Revistas de la década del treinta sancionaron también a los “maquetas”,
conocidos como “vagos” o “desocupados”. Se multaron los corrillos y las
aglomeraciones.
El
“buen ciudadano” debía emplear su tiempo libre en “buenas” actividades
deportivas. Se sancionaron comportamientos ruidosos o escandalosos. Para que floreciera
la ciudad higiénica, pulcra y libre de habitantes de calle, era indispensable
barrer calles, limpiar muros con agua y jabón. Aunque muchas de las políticas
de esta década, como la extensión de redes de agua, irrigaron con bienestar a
la población de los “barrios obreros”, casi todas promovieron una ciudad
partida, donde la inequidad se consentía (y se alimentaba) para hacerse
predecible, incontestable y en cierta medida vivible. La promesa de la
inclusión a través de un mejor servicio de transporte o de unos “modestos
parques” no cuestionó nunca salarios ni distancias entre unos barrios y otros.

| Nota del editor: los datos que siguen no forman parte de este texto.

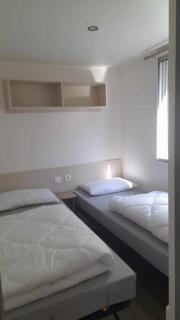 MOBILHOME EN BORD DE MER sur camping 4 étoiles - 5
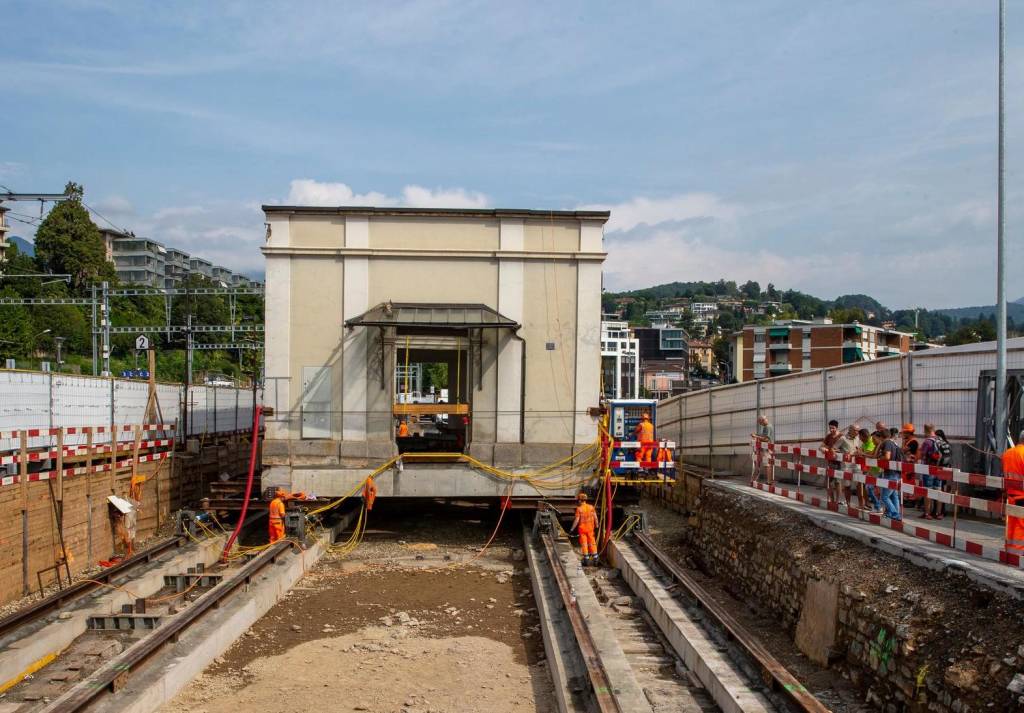 Lugano - Lo spostamento dell'edificio a Besso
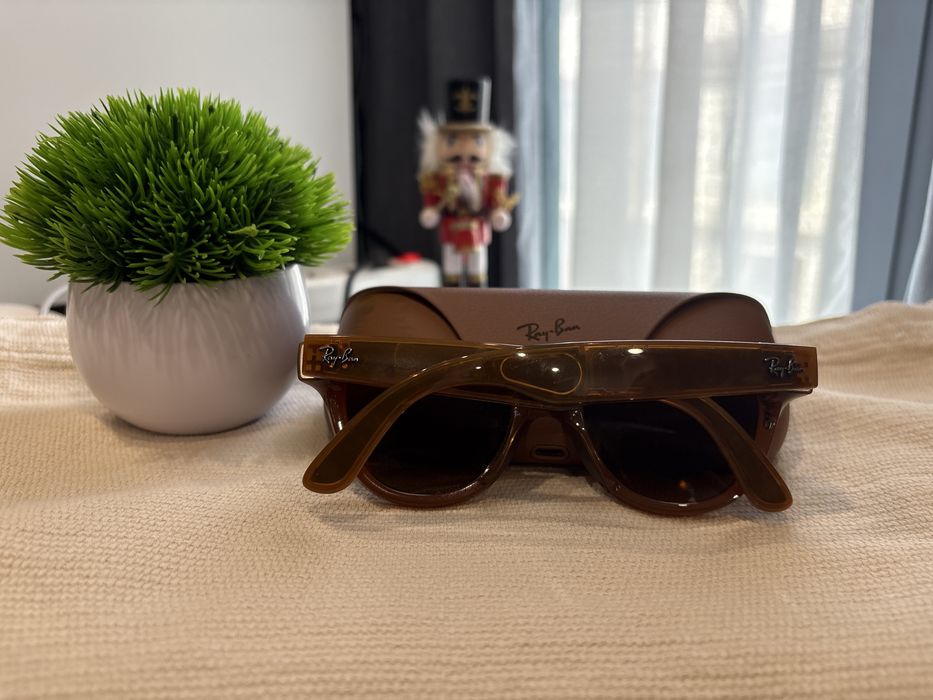 Ray-Ban Meta Skyler — умные очки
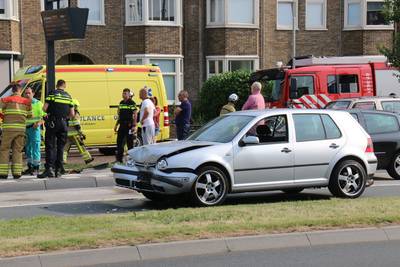 Straat dicht door ongeval: tank van auto lekt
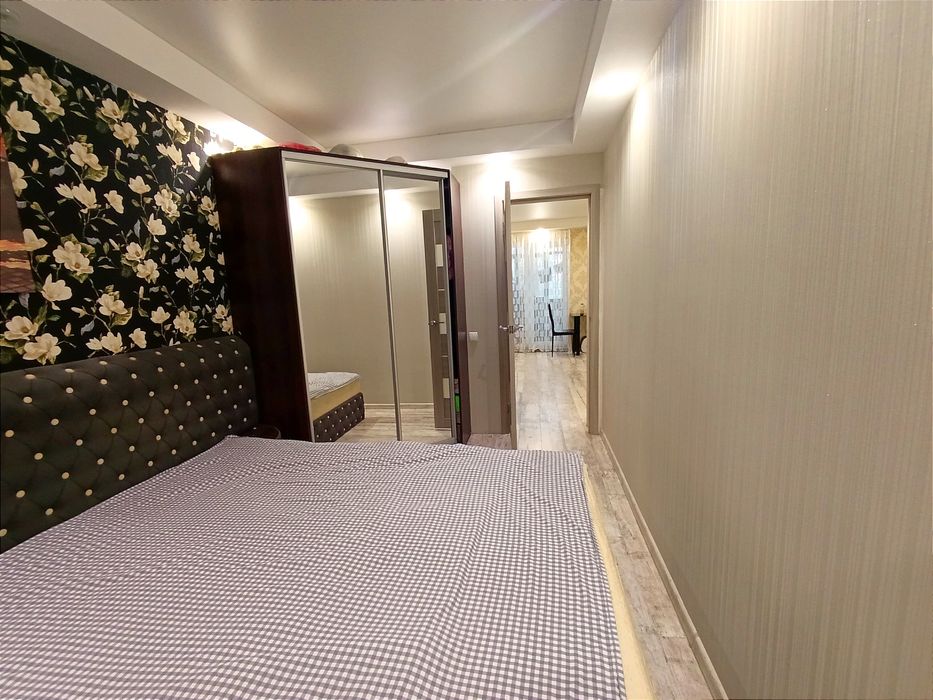 Продам  Квартиру. Черёмушки.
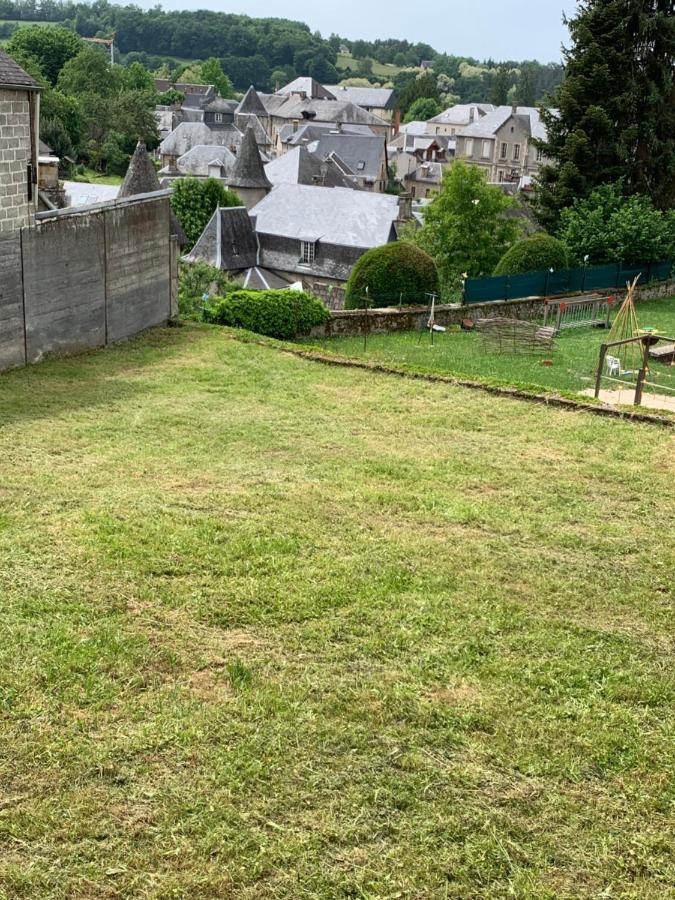 Apartmán Treignac Tourelles Exteriér fotografie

Y no intentó siquiera sacudir el problema más amplio de desigualdad urbana.
Como
nos lo explica el alcalde de Bogotá, Enrique Peñalosa, quien encaja de manera
casi perfecta en los idearios urbanos de la década del treinta, “mientras haya
mercados capitalistas, no se puede hacer mucho para cambiar la
desigualdad...pero podemos mejorar la calidad de vida y crear una ciudad donde
nadie se sienta excluido”. Así, más que una ciudad equitativa en la que se
cierren brechas, le apuntamos a una ciudad en la que se facilite la inclusión
de cada cual en su lugar. Una ciudad en la que cada quien conozca su sitio. O,
para parafrasear a Manuela, la heroína literaria de Eugenio Díaz, una ciudad en
la que “cada oveja conozca su pareja”.